Exactly the lines below starting at the line with "[合集]小麦收获 小麦种子高清在线视频素材下载" and ending at the line with "Reflexology Chart: Download Free PDF" are wanted, with both ends included. Leave out the pictures and add no other lines.

Data to examine »
___

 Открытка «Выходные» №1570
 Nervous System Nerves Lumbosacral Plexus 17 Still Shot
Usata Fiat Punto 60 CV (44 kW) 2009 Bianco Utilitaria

___

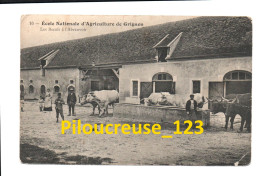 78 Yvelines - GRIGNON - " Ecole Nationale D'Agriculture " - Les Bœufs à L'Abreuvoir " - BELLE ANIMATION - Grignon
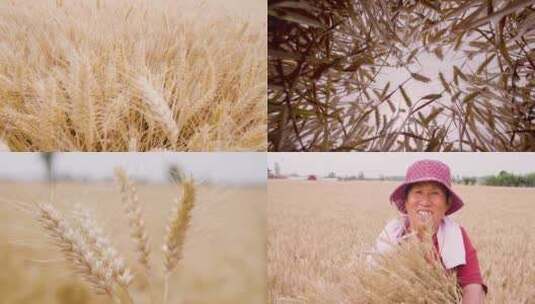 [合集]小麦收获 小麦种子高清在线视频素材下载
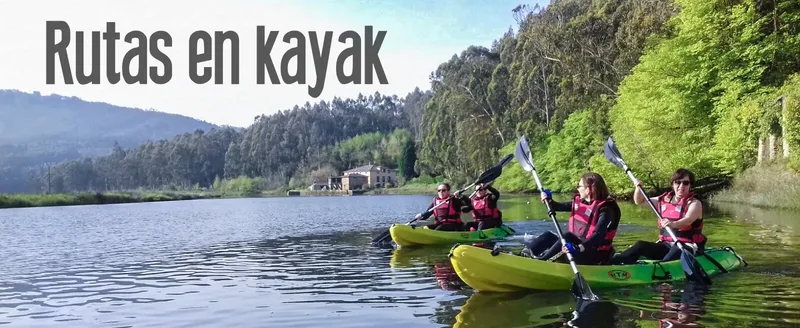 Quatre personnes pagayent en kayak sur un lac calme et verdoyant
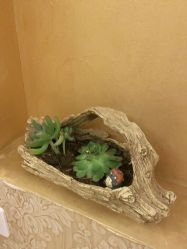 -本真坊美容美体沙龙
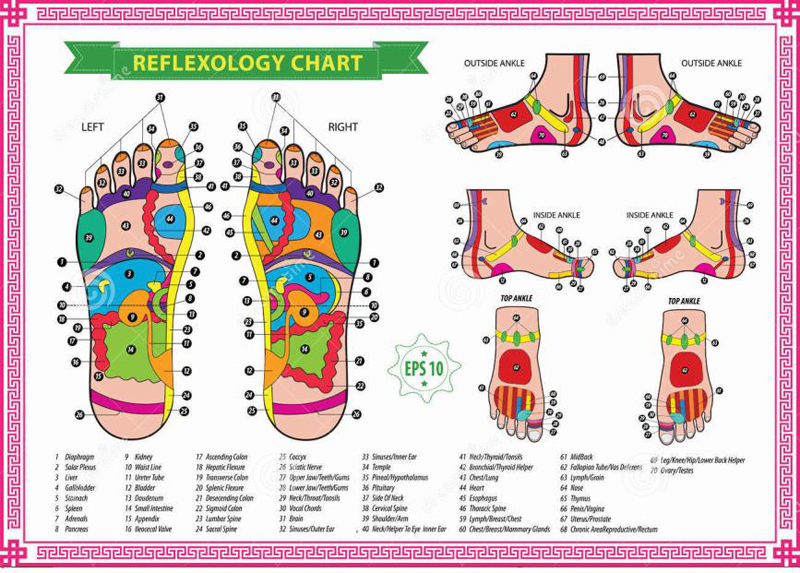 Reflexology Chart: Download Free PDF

___

Response to this exercise »
 [合集]小麦收获 小麦种子高清在线视频素材下载
 Quatre personnes pagayent en kayak sur un lac calme et verdoyant
 -本真坊美容美体沙龙
 Reflexology Chart: Download Free PDF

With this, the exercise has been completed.